Luckily, places like Wal-mart & Walgreens have been sued before, so they usually tell their front line employees not to scan photos that look professional etc.  Of course, you can't always count on employees who make close to minimum wage.  

So yes, putting a watermark on the images is one way to prevent illegal copying.  It does detract from the image, but that's just how it goes.  Some photographers use small, out of the way watermarks, but some people will just crop that off.  

Another method is to mark the back of the photo.  Some Pro photo papers already have this.  My lab uses Kodak Professional paper and it has copyright messages and 'Do not Copy' already written on the back.  You could get a stamp or stickers and add the same, or just use a marker etc.  It won't stop people who are determined to do it, but it does let them know about it...which should prevent honest people from doing it unknowingly.  

Proof books etc. are yet another option.  Having the images printed up into a magazine type book, with relatively small images, would let people see them, and it would be harder to scan & steal.  


Some photographers give small resolution files as proofs.  On one hand, this makes sense because most people are very digital these days.  One problem is that people might not know the difference between high & low resolution and they may try to print the images anyway...and then they look bad, it reflects poorly on you, probably without you even knowing about it.  
That's why it's my philosophy that if I'm going to give a client digital files...they will have to pay for them and they will be high resolution, print ready files.  

Another method (what I do) is to use on-line proofing & ordering.  I have an application (Photocart) on my website.  I create a gallery for the clients where they can view & order the images.  They are somewhat protected but anything that appears on a screen can be captured.  I could also add a watermark, but what I do is just keep the images relatively small.  There is a big difference between the resolution needed for screen, and what is needed for good quality prints.  So even if they did steal the images from my site with a screen capture, they files wouldn't be much good for making prints.


----------



## burstintoflame81 (Mar 12, 2010)

You can also just put a big transparent "PROOF" across the image.

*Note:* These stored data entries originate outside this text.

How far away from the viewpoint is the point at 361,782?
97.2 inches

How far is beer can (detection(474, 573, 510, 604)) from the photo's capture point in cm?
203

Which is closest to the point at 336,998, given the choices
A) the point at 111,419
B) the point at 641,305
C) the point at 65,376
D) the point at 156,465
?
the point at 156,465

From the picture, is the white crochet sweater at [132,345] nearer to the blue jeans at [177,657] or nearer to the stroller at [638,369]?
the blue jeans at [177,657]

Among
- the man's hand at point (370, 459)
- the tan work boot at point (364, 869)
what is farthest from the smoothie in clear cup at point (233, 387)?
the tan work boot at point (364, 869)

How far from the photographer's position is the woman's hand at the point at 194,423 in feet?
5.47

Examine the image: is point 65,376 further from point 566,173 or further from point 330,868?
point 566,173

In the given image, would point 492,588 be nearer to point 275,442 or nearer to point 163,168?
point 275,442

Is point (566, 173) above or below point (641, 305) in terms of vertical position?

Turn the opacity down really low, so it doesn't make the picture unable to be seen, but also makes it not nice looking if you were to copy it and hang it on the wall. This same technique works well if you use am overlay pattern running at a 45 degree across the picture. You can then adjust the size you feel looks least intrusive. Then you can create a mask and paint black over the people in the picture, so that your client can see the quality but everything in the background etc. has a very light "Proof" or "© Joe Schmo" over it. So they can't print it for any significant use because it would look terrible, not to mention tacky.

Personally I just like the good old fashioned "PROOF" across the dead center of pic. It looks more professional I think.


----------



## burstintoflame81 (Mar 12, 2010)

whoops, I don't think I addressed images that you actually sell not just proods. There really isn't much you can do about people breaking the law unless you catch them. I would just make it very clear up front. Maybe make them sign an acknowledgement about the copyrights of the images. The more times you tell them and make sure they are aware of copyright laws, the easier it becomes for you to sue them later on should need be. Make sure they know that even copying images for some relatives and not actually SELLING them is still breaking the law. Most people think that unless they sell something they can do as they please with it.


----------



## KmH (Mar 12, 2010)

I would add..... it depends on your logo.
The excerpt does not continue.